Un Estruendoso Silencio
El 17 de este mes Pablo Bergel reprodujo en la lista Asambleas Autónomas el reportaje que “La Voz del Interior”* le realizó al intendente electo de Andalgalá, Alejandro Páez. No lo envió con una nota que dijera “miren lo que dice este traidor, este lacayo de las mineras”, no. A Bergel no le suscitó ninguna crítica, ¡qué digo!, ni siquiera un comentario.
Le gustó, y lo reprodujo; lo suscribe. Y la suya no es una postura extraviada, ya que desde la misma perspectiva política también la Agencia ACTA - CTA la publicó**, complacida, al día siguiente. Y con el mismo resultado: nadie, hasta ahora, le salió al cruce.
Es sorprendente —o no, según se mire— que el envío de Bergel a la lista de Asambleas Autónomas no haya merecido ninguna respuesta, siendo que muchas veces hasta los posteos más simplotes son motivo de comentarios y réplicas: ¿será que nadie lo leyó?
No creo.
Pero tampoco tengo una buena explicación de este silencio, justo en fechas en las que los pueblos y las comunidades hacen oír su grito el Día de Lucha contra la Minería a Cielo Abierto.

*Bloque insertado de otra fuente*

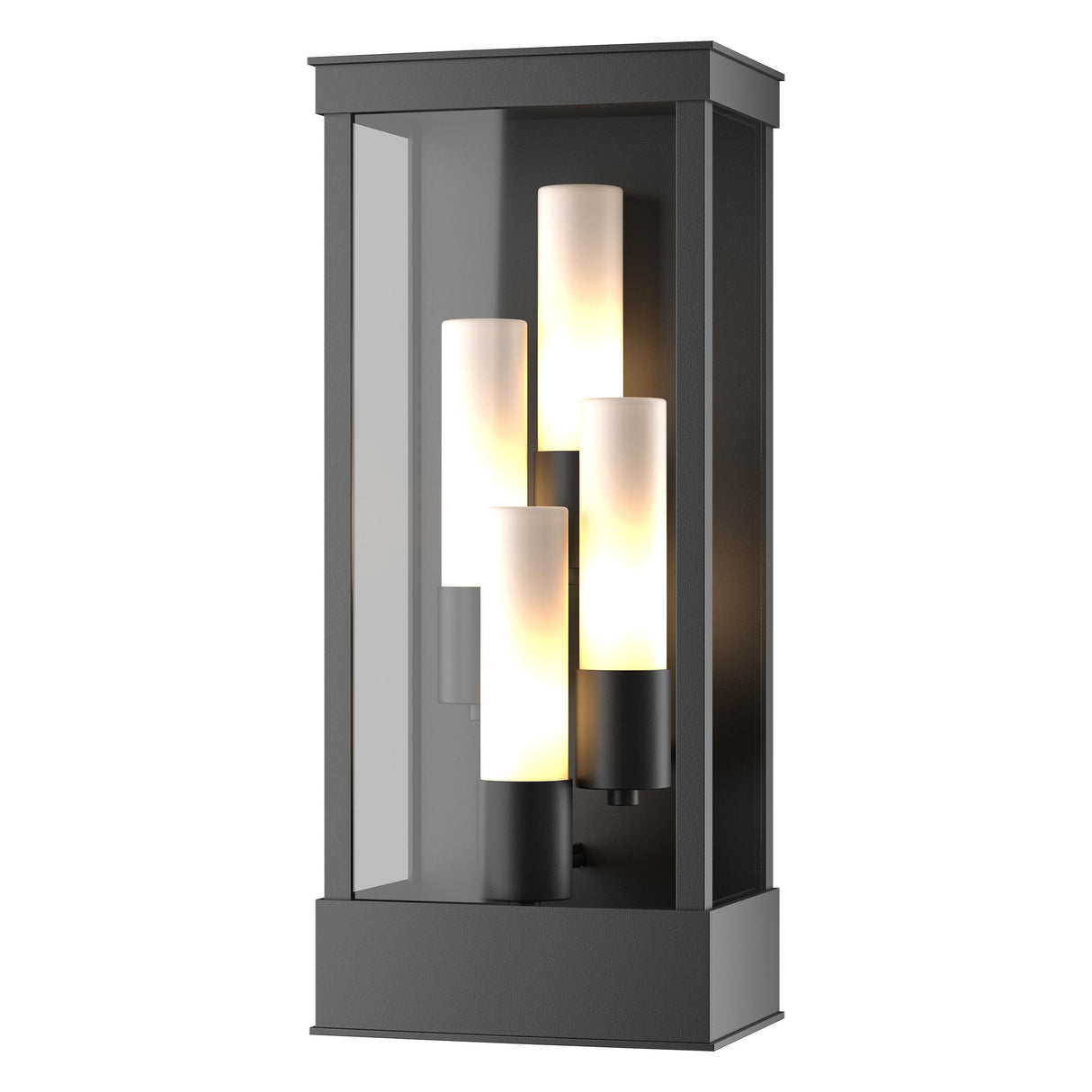 Hubbardton Forge 2015 Coastal Black Opal Glass (GG) Portico Large Outdoor Sconce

En cambio Páez-Bergel es “escéptico” respecto de la minería a cielo abierto. Lo repite cuatro (4) veces en una poco extensa nota, para que no queden dudas. “Soy escéptico respecto de lo que produce esa minería”, “tengo una visión escéptica sobre lo que ha dejado hasta hoy la minería a gran escala que se da en mi departamento y en otras zonas de la provincia”, dice.
¿Por qué?: Páez-Bergel lo dice a las claras: “Cuando vimos las camionetas cuatro por cuatro en que se movían los de las empresas, creímos cuando nos decían que íbamos a tener un sistema de salud grandioso, que íbamos a expandir las rutas, a conectarnos con otras urbes, que habría más de 1.500 empleados en la minera... Era una expectativa grandiosa”.
Sí, grandiosísima.
Pero resultó que solo 50 andalgalenses trabajan en La Alumbrera (si fueran 1.500, sería otra cosa…).

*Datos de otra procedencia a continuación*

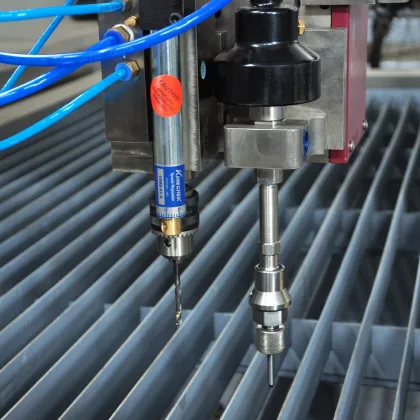 waterjet cutter machine with a drill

Y ahora Agua Rica va a volar la montaña “a escasos 16 kilómetros del casco céntrico”. “A mí me queda ser alcalde de la ciudad y mantener limpias las calles”, se compunge. Comprendo; imagínense qué polvareda!
En suma, ¿qué piden Páez-Bergel y todos los de su pelaje?: que si las mineras van a contaminar, arruinar la geografía, agotar el agua y matar, que garpen.
O sea, “la recuperación de la renta minera” que, cuando no hablan con los afectados o cuando se descuidan, se les escapa al modo de ventosidad ideológica.
Solo que una “recuperación” muy módica; no se piense que piden locuras: un centro de salud con oftalmólogo, nefrólogo, traumatólogo.
“No hay un oncólogo, pese a que tenemos una proliferación de casos de cáncer de mama”, informa. Pide una buena ruta, para que las ambulancias que llevan los enfermos a la capital no vayan a los tumbos.
Para que no me acusen de negativista no voy a quedarme en la crítica, sino que también agrego mis propuestas: que las mineras costeen una avenida de varios carriles al cementerio y parquicen esa necrópolis para que sea la envidia de todo el noroeste….
Si así lo hacen, ¡señores, qué vida nos vamos a dar!